Here I will use general method, impute missing value with average of that variable.
Step1: Populate average age using proc SQL
Proc Sql; Create Table Titanic_Avg_Age as Select t1.*, Mean(t1.age) as avg_age from Statdata.Titanictrain as t1; Quit;
A new table is generated with a additional variable of avg_age.
**Step2:**Created a new variable Age2 and assigned value of variable avg_age if variable age is missing else value of variable age.
After that drop original variable age and rename Age2 as age.

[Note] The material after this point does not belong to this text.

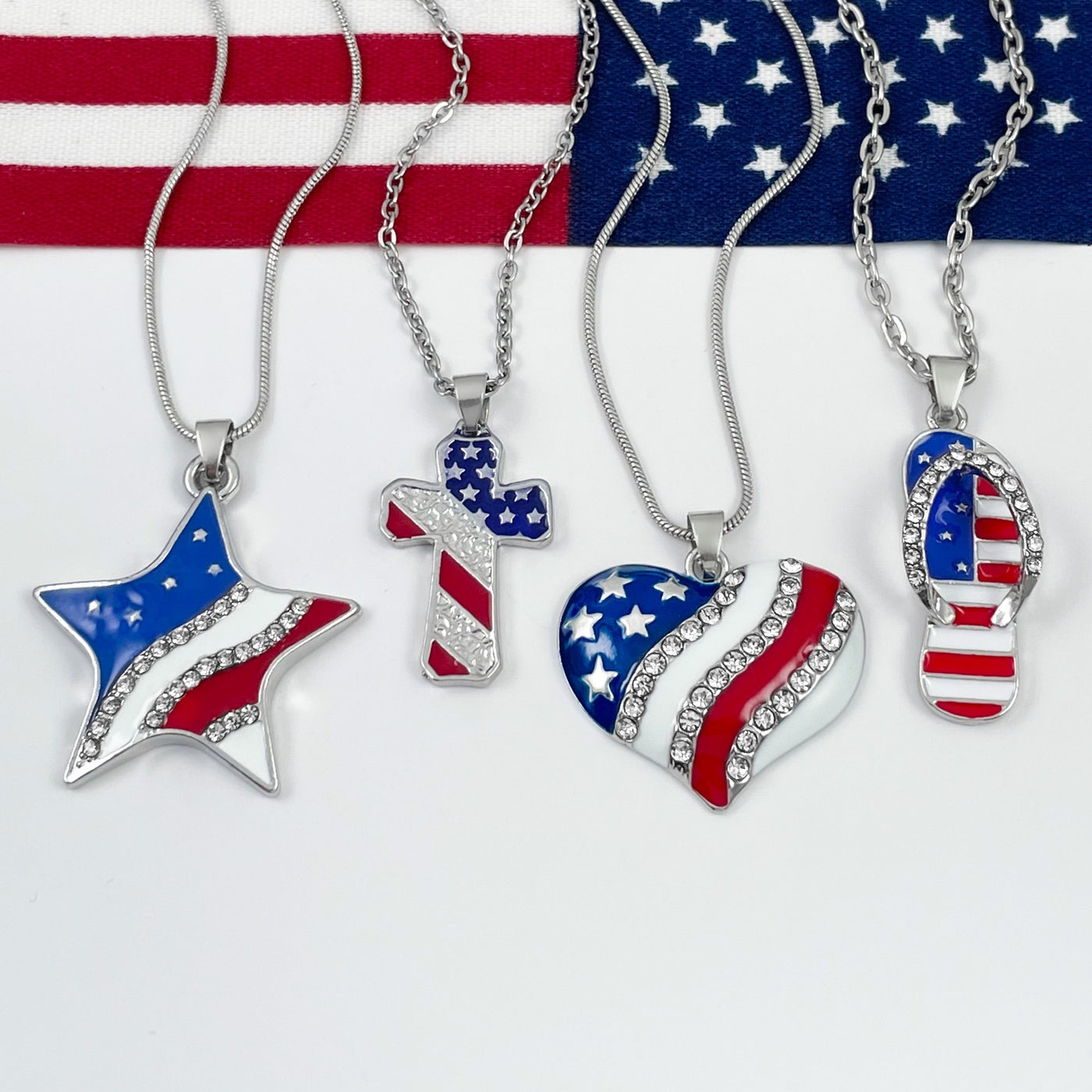 American Necklace Collection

Data Titanic_Wth_Age (Drop=Age rename=(Age2=Age)); set Titanic_Avg_Age; if age=. then Age2=avg_age; else Age2=age; run;
Hope this helps!
Here is the solution to your question:
/This MACRO Imputes Missing Values(If Any) With The Mean/
/Specify the Numeric Variable VARLIST/
/Specify the Source Data Set Name/
%DO J=1 %TO &CONT_VAR_CNT.;
SELECT MEAN(&DNAME1.) INTO :VAR_MEAN_&i.
IF MISSING(&DNAME1.) THEN &DNAME1.=&&VAR_MEAN_&i…;
/*RESULT: YOUR FINAL DATA SET NAME WILL BE “YOUR_SOURCE_DATASET_NAME”_IMPUTED */
@Imran do u feel that replacing missing age with mean is going to be a good approach as outliers will effect the outcome . i think mode can be used . and i feel we should replace the missing values according to grouping of gender .
@abhinavmishra873 Hi Abhinav. I guess you are right. But shouldn’t this dealt in a case by case basis? The percentage of missing data for a variable will help us learn the desired method of imputation. I generally use similar case imputation, where I try to find records having similar values for other variables and then take a mean or mode of those similar cases.
ya i actually i had binned the data values into groups from 0-10 till 70-180 and then i have seen that around 150 values are missing . so i tried to replace it with median .